Cranial radiotherapy of childhood brain tumours: Growth hormone deficiency and its relation to the biological effective dose of irradiation in a large population based study

Authors


Dr Marianne Schmiegelow Department of Growth and Reproduction 5064, Juliane Marie Centre, The National University Hospital, Rigshospitalet, Blegdamsvej 9, DK-2100 Copenhagen, Denmark. Fax: +45 35456054; E-mail: rh04642@rh.dk

Abstract

OBJECTIVE

The study was to determine the incidence of GH deficiency (GHD) following cranial radiotherapy (RT) for a childhood brain tumour in a large population based study and analyse the biological effective dose (BED) to the hypothalamus/pituitary (HP) region as a risk factor.

DESIGN

BED was assessed by use of the linear-quadratic (LQ) model, which gives a means of expressing the biological effect of various treatment schedules in a uniform way.

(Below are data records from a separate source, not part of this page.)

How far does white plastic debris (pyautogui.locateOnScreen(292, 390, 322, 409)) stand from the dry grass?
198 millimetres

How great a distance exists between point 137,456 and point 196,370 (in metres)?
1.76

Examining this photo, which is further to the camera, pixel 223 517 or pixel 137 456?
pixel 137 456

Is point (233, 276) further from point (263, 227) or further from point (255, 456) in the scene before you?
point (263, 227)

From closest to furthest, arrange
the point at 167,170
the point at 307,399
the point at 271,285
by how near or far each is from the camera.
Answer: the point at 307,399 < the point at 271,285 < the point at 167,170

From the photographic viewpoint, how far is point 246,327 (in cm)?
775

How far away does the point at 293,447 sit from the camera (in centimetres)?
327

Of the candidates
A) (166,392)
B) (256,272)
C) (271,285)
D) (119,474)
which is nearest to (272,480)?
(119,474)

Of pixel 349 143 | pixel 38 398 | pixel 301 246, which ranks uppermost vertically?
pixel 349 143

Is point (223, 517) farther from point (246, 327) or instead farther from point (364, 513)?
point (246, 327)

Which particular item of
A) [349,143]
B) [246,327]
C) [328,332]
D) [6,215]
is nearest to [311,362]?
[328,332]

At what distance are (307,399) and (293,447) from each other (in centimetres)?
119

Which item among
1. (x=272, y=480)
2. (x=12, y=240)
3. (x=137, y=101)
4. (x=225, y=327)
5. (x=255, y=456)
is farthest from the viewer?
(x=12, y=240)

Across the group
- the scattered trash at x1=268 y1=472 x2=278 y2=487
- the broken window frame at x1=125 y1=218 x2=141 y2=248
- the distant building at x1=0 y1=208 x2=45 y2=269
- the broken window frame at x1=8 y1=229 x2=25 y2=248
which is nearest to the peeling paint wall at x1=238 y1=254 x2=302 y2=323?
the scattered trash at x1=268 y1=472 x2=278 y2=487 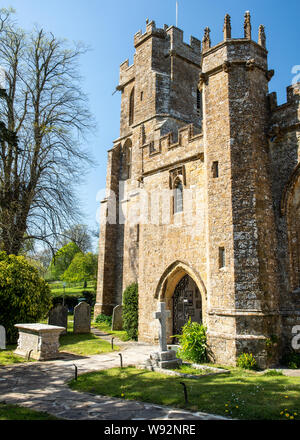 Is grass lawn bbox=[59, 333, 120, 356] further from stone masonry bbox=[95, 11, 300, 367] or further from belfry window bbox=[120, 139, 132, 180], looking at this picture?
belfry window bbox=[120, 139, 132, 180]

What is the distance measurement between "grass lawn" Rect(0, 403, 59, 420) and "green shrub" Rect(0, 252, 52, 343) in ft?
25.2

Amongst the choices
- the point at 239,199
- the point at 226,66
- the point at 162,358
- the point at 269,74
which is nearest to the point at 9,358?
the point at 162,358

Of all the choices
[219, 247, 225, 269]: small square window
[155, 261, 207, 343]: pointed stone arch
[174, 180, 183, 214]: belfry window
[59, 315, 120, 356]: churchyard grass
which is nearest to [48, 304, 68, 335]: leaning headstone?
[59, 315, 120, 356]: churchyard grass

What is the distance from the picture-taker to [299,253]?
998 cm

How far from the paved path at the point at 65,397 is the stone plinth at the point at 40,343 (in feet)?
1.47

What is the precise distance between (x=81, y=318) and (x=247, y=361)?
29.0 ft

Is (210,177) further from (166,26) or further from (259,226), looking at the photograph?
(166,26)

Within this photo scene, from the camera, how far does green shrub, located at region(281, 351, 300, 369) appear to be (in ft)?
29.3

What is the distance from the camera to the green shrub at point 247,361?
8555 mm

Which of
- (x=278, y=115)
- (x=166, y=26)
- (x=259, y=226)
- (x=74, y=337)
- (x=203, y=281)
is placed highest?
(x=166, y=26)

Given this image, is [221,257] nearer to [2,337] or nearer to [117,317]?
[2,337]

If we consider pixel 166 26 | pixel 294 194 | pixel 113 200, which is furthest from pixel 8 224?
pixel 166 26

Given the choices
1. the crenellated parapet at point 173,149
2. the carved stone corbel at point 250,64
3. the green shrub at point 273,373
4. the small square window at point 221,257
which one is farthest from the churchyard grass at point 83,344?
the carved stone corbel at point 250,64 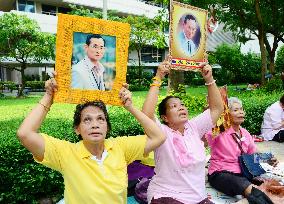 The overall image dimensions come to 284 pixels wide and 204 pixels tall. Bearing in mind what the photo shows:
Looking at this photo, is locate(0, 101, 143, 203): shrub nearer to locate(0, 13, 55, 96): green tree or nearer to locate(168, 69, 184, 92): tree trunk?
→ locate(168, 69, 184, 92): tree trunk

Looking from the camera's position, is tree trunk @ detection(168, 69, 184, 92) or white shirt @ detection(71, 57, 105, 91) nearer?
white shirt @ detection(71, 57, 105, 91)

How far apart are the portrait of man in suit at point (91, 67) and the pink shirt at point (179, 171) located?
→ 0.77 meters

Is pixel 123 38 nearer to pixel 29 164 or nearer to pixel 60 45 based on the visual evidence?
pixel 60 45

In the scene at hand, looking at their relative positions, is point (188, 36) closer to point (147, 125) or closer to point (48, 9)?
point (147, 125)

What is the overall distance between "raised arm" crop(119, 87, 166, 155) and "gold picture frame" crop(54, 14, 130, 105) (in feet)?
0.38

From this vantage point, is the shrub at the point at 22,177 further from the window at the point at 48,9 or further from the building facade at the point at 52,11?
the window at the point at 48,9

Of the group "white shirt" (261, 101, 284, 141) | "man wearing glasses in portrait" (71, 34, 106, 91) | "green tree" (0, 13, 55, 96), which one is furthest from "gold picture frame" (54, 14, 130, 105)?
"green tree" (0, 13, 55, 96)

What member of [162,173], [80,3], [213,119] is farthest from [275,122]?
[80,3]

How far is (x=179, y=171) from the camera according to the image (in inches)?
127

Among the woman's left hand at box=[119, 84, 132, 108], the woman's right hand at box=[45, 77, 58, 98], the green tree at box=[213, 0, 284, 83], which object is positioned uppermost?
the green tree at box=[213, 0, 284, 83]

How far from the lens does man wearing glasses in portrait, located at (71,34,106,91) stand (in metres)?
2.96

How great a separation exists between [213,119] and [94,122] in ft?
4.48

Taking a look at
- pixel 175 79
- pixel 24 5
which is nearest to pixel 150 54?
pixel 24 5

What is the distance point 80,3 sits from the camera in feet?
111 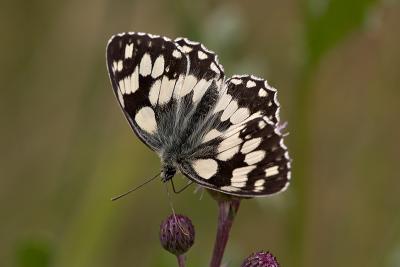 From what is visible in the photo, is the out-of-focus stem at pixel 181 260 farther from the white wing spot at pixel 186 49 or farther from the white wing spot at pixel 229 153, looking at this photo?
the white wing spot at pixel 186 49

In patients aged ≥ 18 years (n = 53) GH status was assessed by an insulin-tolerance test (ITT) (n = 34), however, in patients with seizure disorders (n = 19), and in 20 children aged < 18 years GH status was assessed by an arginine test. Cut-off levels for GHD, indicating GH substitution, were defined by a peak GH response of < 9 mU/l and < 15 mU/l for patients ≥ 18 and < 18 years, respectively.

PATIENTS

Ninety-one children aged < 15 years eligible for the study, diagnosed between 1970 and 1997 in the Eastern part of Denmark, the Faroe Islands and Greenland, with a primary brain tumour not directly involving the HP axis. 84% (n = 76) agreed to participate. Three patients were excluded due to hypothyroidism detected at time of testing.

MEASUREMENTS

Serum GH and levels of serum insulin-like growth factor-I (s-IGF-I) and serum insulin-like growth factor binding protein-3 (s-IGFBP-3) were measured. BED was assessed to the HP region.

RESULTS

The median age at the time of RT was 8.7 years (range: 0.8–14.9 years) and the median time of follow-up was 15 years (range: 2–28 years). Fifty-eight patients (80%) had GHD and they had received a median BED of 77.5 Gy to the HP region, whereas the median BED was 54.5 Gy for 15 patients without GHD (P = 0.002). Peak GH and BED were correlated (rs = −0.53, P < 0001). Median IGF-I SDS and IGFBP-3 SDS were −2.5 (−5.2–0.7 SDS) and −1.7 (−5.8–0.9 SDS), respectively, and IGF-I SDS was correlated to peak GH (rs = 0.45, P < 0.001). Peak GH and length of follow-up were related (rs = −0.28, P = 0.018). Stepwise backward multiple linear regression analysis showed that the best-fit model to predict the peak GH release following ITT/arginine stimulation included BED (P < 0.0001) and length of follow-up (P = 0.05).

CONCLUSIONS

The data of this study suggest that the majority of long-term survivors of brain tumours develop GH deficiency following radiotherapy in childhood and that the adverse effects of radiotherapy may be directly related to the biologically effective dose. With longer follow-up fewer patients might respond normally to GH stimulation tests.